Bringing My Sexy Back
My journey to getting myself back and feeling like I have all the confidence in the world like I did before I was pregnant was a struggle for many reasons, my body changed so much after having my daughter and Postpartum depression. Also growing up society said that you can’t be "sexy" and a good mom. I have found that once you have a child it’s so easy to lose who you were and what your dreams were before you had kids, well because you are taught as young girls when you have children your children’s needs always come first and if you have the energy after being everything for everyone else then look at yourself.
As girls we are taught from a very young age that you are to aspire to marry, and to be a mom and moms can’t be "sexy". Why is that? Why is it not okay to not want to marry and to be with a man long term and not want to be married? What does that piece of paper really say… hey government tax me more? Just because he marries you doesn’t mean he loves you anymore, personally I think if you all stay together long term (until death do you part) it means more that means you both stayed because you wanted too, not because it was easier than getting a divorce. I have been married and it was a complete disaster from the moment it started to be completely honest I had no business getting married when I did, yes I was 29 but I had spent 2012-2016 in a horribly abusive relationship and when I got together with my daughters father it was because we had been friends for years and it felt safe. We were nowhere near compatible with one another. (But all this is a story for another day.)

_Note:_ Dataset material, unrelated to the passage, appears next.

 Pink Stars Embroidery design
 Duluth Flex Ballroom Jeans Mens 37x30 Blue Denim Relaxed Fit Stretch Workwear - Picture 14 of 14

Let’s get real about PPD (Postpartum depression), 10-20 percent of women suffer from PPD in some form. Personally for me it was horrible, I had never felt so lost and confused in my life. I had this beautiful baby girl that I loved more than life itself but I was feeling overwhelmed, like a part of me was gone now that she wasn’t in my belly any longer and just felt completely isolated. Granted it was December and I really couldn’t go anywhere. This was definitely not what I was expecting when I had my child because let's be real, you never hear about the bad things with pregnancy. I dealt with PPD until my daughter was two and I struggled to get the baby weight off because I was depressed and ate my feelings trying to hide how I was feeling and I hated how I looked so much that I don’t have hardly any photos with my daughter from birth until after 2 years because I was ashamed of how I looked.

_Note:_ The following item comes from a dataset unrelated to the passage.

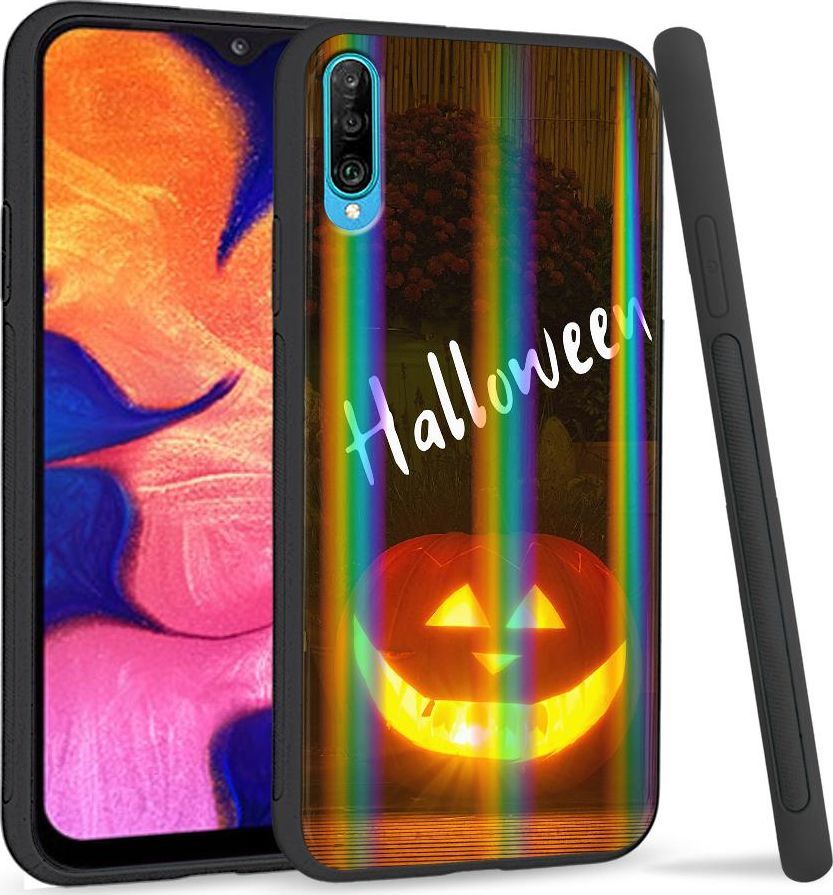 Mojworld Etui na telefon Samsung A50 Rainbow Halloween 1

For me my journey to finding myself again and getting my "sexy" back truly started when my ex-husband left and some would say oh I’m sorry that you had to go through this divorce and all of that type of stuff well, I am not sorry or sad one bit. Truth is I’m glad he decided to leave. It was truly a blessing in disguise. I started to focus on what would make not only me happy but my daughter happy as well. I quickly realized that if I was truly happy then she was happier because my demeanor changed. I found my love for music again and started to work on my relationship with myself. With those changes yes I did meet someone I connected really well with much faster than anticipated but god works in mysterious ways. For me, finding myself was the key to getting this weight to start to fall off. Yes I still have 15 more pounds to lose before I am back and my pre-baby weight but that’s much better than the 55 I gained while being pregnant. I slowly got my confidence and my faith back in myself, and there is nothing sexier than a woman who is loving, a good mother and confident in herself and her abilities to get what she wants out of life.

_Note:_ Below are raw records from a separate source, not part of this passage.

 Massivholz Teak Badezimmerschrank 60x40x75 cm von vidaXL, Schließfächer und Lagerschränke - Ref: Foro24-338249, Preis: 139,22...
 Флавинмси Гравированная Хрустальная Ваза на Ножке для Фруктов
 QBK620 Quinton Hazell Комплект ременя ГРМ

So, yes it is okay to be a mom (a great one in fact) and be "sexy". Be your version of sexy. It doesn't have to be what society thinks is sexy. Maybe leggings, sweatshirt and a top knot is sexy for you or maybe it’s getting all dressed up and going to dinner or out for the night whatever it may be that makes you feel "sexy" do it. Because your kids deserve to see their mama happy and I mean truly happy not just the fake smile we plaster on our face and pretend life is all good. For me it was doing a photo shoot where I am embracing the hard work I have put into getting my body back even though it’s not perfect but I have learned to love myself and my body and will continue to work on being the healthiest version of me. BUT GIRL, get out there and get your "sexy" back! Love yourself because if you can’t yourself who's going to love you better than you? You are worth it!